# Scottish Time Trials - what do I need and how to enter ?



## Flick of the Elbow (31 Jan 2016)

I'm toying with the idea of riding some TT's this year but after various perusals of the Scottish Cycling website I'm a bit lost, not least because SC seems to class time trials the same as road races and every link seems to put you onto the BC road racing calendar.
Anyway, my questions...
Do I need to be a BC member and if so what metal ?
Do I need a licence and if so provisional or full ?
How do I enter ? Is there a postal form or do I have to pay the £1 extra to enter online ?
How does the SVTTA fit in ?
Are there any other TT's other than those promoted under SC rules ? 

(Life was an awful lot simpler - and cheaper ! - riding RTTC events in England 30 years ago...)


----------



## screenman (31 Jan 2016)

Have you thought of joining a club? that way you can ride them and maybe help on one to put a little back.


----------



## Flick of the Elbow (31 Jan 2016)

Yes I'm in a club. Don't want to ask on the club forum as I'm just toying with the idea at the mo.
And yes I've more than paid my dues over the years re putting a little back.


----------



## screenman (31 Jan 2016)

Flick of the Elbow said:


> Yes I'm in a club. Don't want to ask on the club forum as I'm just toying with the idea at the mo.
> And yes I've more than paid my dues over the years re putting a little back.

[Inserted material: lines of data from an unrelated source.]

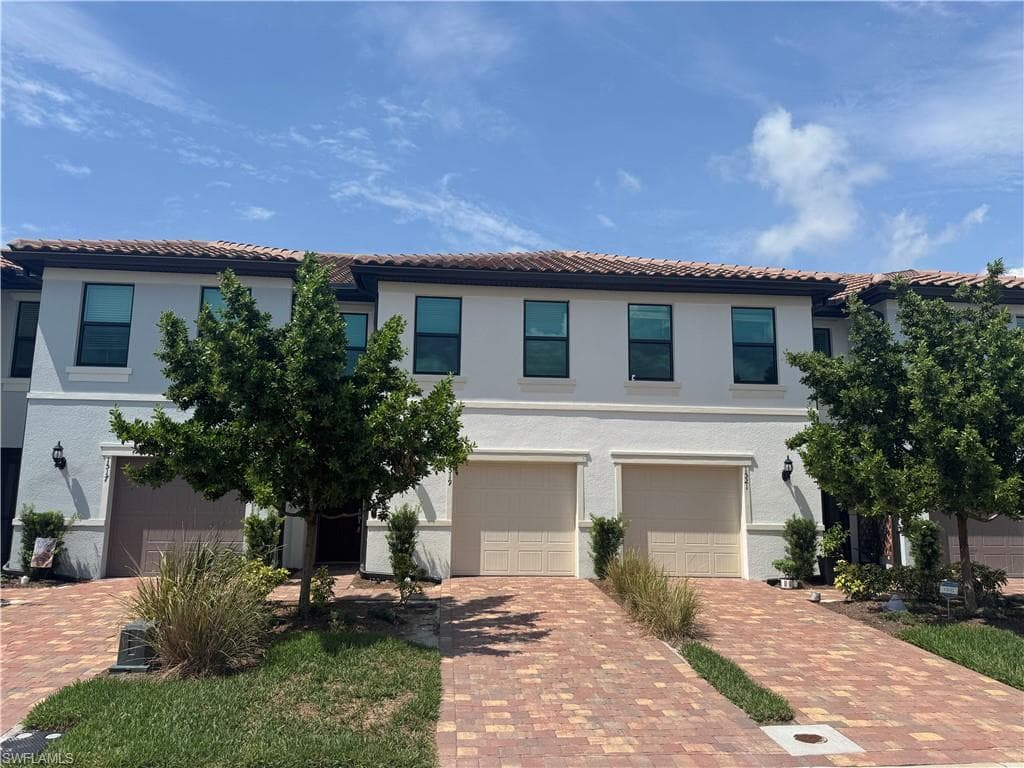 1519 Lake Jessup CIR-27
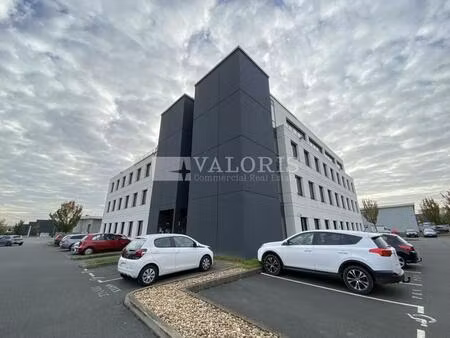 location bureaux 222 m²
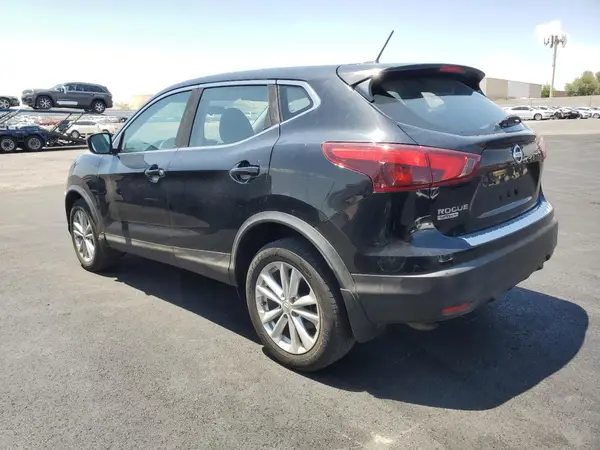 JN1BJ1CP0HW003125 2017 NISSAN ROGUE - Image 2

Good to hear, as you know many do not.


----------



## HLaB (14 Feb 2016)

@Flick of the Elbow You need BC silver or its costly and you have to buy a day licence. The ones I did you paid the organiser on the night (FCA) but I think the more popular ones like Corrieris you have to enter on line and apply for a place. That was 4years ago so entry/payment might have changed.


----------



## oldroadman (20 Feb 2016)

SCU runs TT in Scotland. CTT are looking for a foothold but wisely SCU are in charge in the main. All their events are listed on the BC website, alongside road races, sportives registered with BC. Just search on a date and location/key words. Shame BC don't run TT in England and Wales, maybe there would be less obsession with "fast" (often dangerous with traffic) courses, and more focus on winning/bettering your own performance.


----------



## iandg (20 Feb 2016)

Does your cycle club run 'club confined time trials'? Having SC race membership is not essential for these but is recommended, however the organising club may have a club rule that insists on you having liability insurance through SC.

https://www.britishcycling.org.uk/z...lub_confined_events_-_guidance_v4.0_FINAL.pdf


----------